- THE TASK -
What lines in the listing include "Steel"? Return a copy of each.

- RECORDS -

----

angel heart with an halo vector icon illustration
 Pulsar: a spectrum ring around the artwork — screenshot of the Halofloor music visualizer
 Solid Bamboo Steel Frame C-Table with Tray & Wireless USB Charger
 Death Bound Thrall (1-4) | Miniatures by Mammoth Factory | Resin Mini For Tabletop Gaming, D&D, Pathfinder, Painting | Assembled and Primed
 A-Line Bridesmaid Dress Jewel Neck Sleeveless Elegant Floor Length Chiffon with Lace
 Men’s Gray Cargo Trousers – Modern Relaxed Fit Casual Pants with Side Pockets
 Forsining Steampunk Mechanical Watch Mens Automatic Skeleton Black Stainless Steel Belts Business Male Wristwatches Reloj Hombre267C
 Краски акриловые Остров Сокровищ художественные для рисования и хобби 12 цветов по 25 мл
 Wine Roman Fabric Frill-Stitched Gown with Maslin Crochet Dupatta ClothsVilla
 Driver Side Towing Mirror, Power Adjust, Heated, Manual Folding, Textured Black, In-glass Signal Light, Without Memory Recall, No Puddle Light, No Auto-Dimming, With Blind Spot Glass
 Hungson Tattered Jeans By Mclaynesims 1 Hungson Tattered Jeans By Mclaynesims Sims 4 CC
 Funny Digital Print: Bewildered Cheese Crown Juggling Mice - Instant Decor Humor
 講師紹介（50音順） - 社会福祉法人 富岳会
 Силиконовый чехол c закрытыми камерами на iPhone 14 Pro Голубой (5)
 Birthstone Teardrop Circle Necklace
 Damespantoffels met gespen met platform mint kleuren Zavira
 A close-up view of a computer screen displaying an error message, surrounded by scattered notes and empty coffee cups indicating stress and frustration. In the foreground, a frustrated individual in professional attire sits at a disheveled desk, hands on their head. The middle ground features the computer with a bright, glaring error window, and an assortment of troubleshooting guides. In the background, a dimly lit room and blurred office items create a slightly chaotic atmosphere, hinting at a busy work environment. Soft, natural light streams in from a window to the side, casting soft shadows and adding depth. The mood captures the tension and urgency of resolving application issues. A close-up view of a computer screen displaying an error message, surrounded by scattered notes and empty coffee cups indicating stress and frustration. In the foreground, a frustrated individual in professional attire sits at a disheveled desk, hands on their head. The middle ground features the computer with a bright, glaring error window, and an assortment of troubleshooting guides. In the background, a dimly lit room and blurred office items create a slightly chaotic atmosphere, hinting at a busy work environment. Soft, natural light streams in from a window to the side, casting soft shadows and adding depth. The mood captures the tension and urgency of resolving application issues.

----

- ANSWER FOR THE TASK -
 Solid Bamboo Steel Frame C-Table with Tray & Wireless USB Charger
 Forsining Steampunk Mechanical Watch Mens Automatic Skeleton Black Stainless Steel Belts Business Male Wristwatches Reloj Hombre267C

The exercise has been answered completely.